Natalie Sappier, also from the Tobique First Nation, said Jeremy Dutcher's Polaris Music Prize win is meaningful to Wolastoq speakers. (submitted by Natalie Sappier)

Sappier said being exposed to it inspired her to express herself through painting.

"That's when things started to awaken in me," she said.

"I was painting stories to remind myself where I come from — who I am. And what I was realizing is that I was not seeing myself in my surroundings."

During her journey of rediscovery, Sappier worked closely with University of New Brunswick elder-in-residence Imelda Perley, who asked her to help with several projects such as illustrating images for language curriculums and books.

"It gave my gift as a visual storyteller purpose, and it deepened my relationship with myself as an Indigenous person and living in a more modern world," she said.

A mural painted by the Mi'kmaq Wolastoqey Centre at the University of New Brunswick Fredericton. A piece of artwork by Natalie Sappier. (submitted by Natalie Sappier )

'Life journey' to learn language

Sappier still has a long way to go when it comes to learning Wolastoq. But Dutcher's Polaris Prize win has reaffirmed its importance — and that it has a potentially wide audience.
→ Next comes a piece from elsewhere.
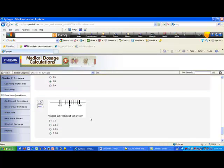And number ten. The syringe has markings between 0.8 and 0.9 — eight tenths and nine tenths. The arrow appears right in the middle, which is 0.85. To verify: the distance is one tenth, divided by ten segments, giving one hundredth per tick mark. That means five hundredths above 0.8, landing exactly at 0.85 — right in the middle.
"The work that Jeremy Dutcher is doing is super important and I know it's awakening so much with so many of us, not only as Wolastoqey​ people, but people who miss their language whether you're First Nation or not," she said.
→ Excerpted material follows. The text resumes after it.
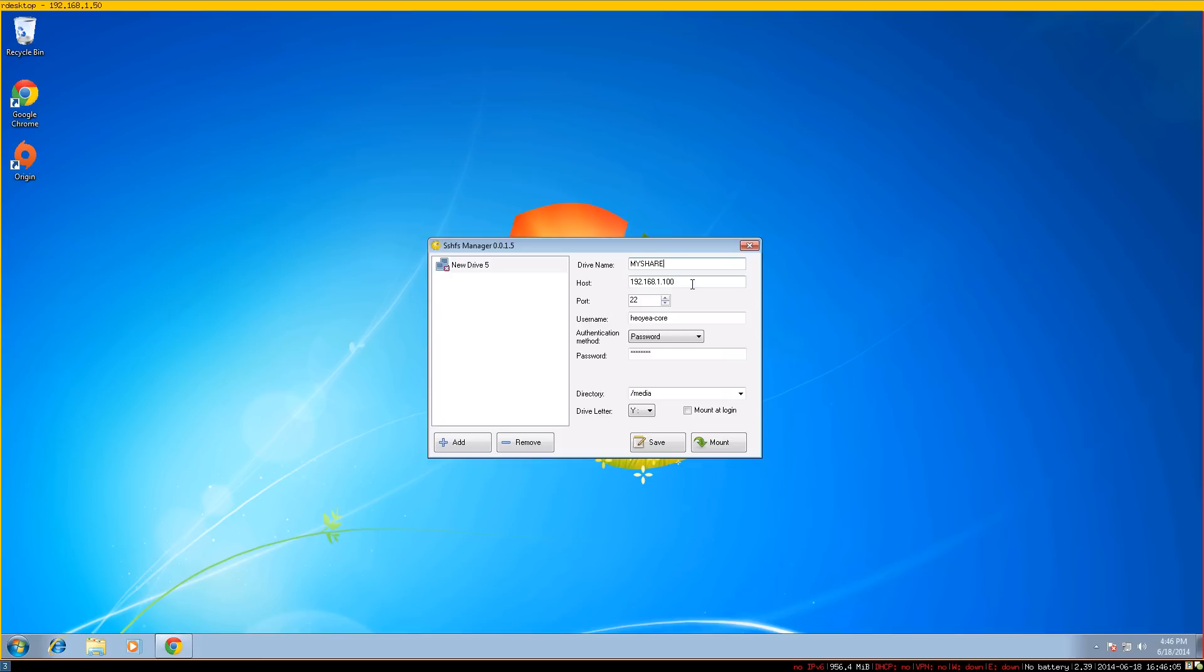For the host, you enter the IP address. If it's a local IP, type your local IP. If it's over the internet, type the internet IP. Make sure you have ports open. The default port for SSH is 22.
Through my art and creating, and creating stories and plays, it connects me more to who I am- Natalie Sappier, multidisciplinary artist 

Sappier adds that learning Wolastoq will take a lot of discipline and patience, but she hopes she can carry the language — whether it's one word or one sentence — through the work she does as an artist.

"Through my art and creating, and creating stories and plays, it connects me more to who I am," she said.

"It's going to be my life journey learning my language."